Gelcoats, which are what give boats their veneer are applied atop the highly polished mold at the beginning of the fiberglass layup process. They are what makes a boat shine in the water, and also help to protect the integrity of your boats exterior over the years. Through time these gel coats become more porous and harder to clean, but not impossible.
As I’m sure you know, the best way to get rid of stains on your boats gelcoat is to prevent them in the first place. A good wax or polish and regular wash downs will help to prevent a large majority of stains from occurring. Although waxing will help to create a barrier between the elements and your gelcoat it will not prevent staining entirely.
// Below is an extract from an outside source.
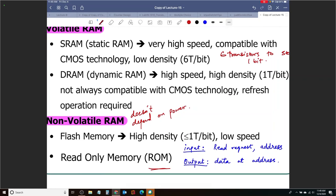If you think about those two statements — input is address, output is data at that address — can you agree that a combinational logic circuit is a ROM? Any combinational logic circuit is a ROM. That's a statement I'm making — do you guys agree with that?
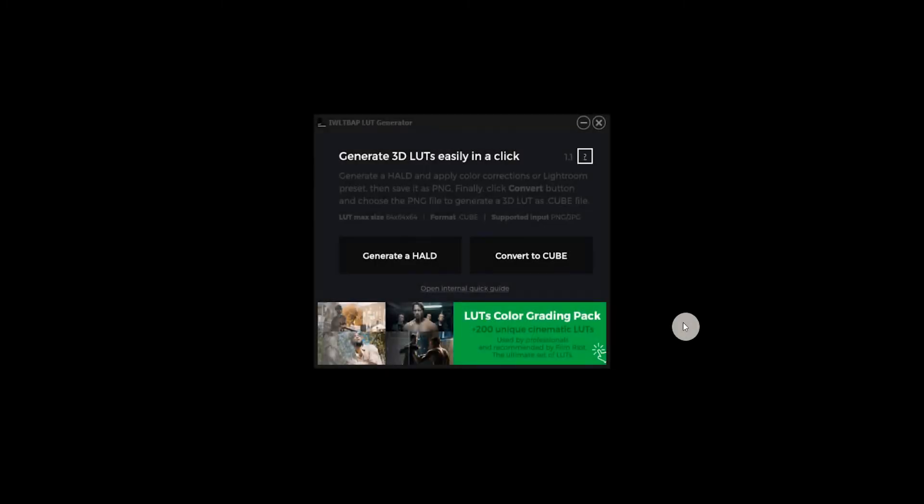Hello, welcome to today's mini session where I'm going to show you how to convert your Lightroom presets into a LUT so you can color correct your videos.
So be prepared to do routine wash downs with a gentle boat cleaner to remove stains that are beginning to occur. If done regularly the cleaner and a little elbow grease should remove any build up fairly easily.
When dealing with more stubborn stains you will need something a bit stronger. When it comes to gel coat stains there are two types of stains, organic and mineral. Organic stains are the result of spilled food and drinks, bird droppings, plant matter and things of that nature. These types of stains are typically easy to clean because they are water soluble and little soap and water will typically do the trick. More stubborn mineral stains will require a chemical agent such as acid or a chelating agent. Acid works to dissolve the stains while a chelating agent will bond to the stain and suspend it for easy removal. Both require little to no scrubbing since they are chemical based. Rust stains and water line stains are the two most common mineral stains that require chemical solutions like we mentioned.
While gelcoats can be repaired, prevention is still the best route. Make sure to routinely wax your hull and do regular wash downs to prevent build up. Mineral damage from the waterline after long voyages are annoying, but always know that there is is a solution.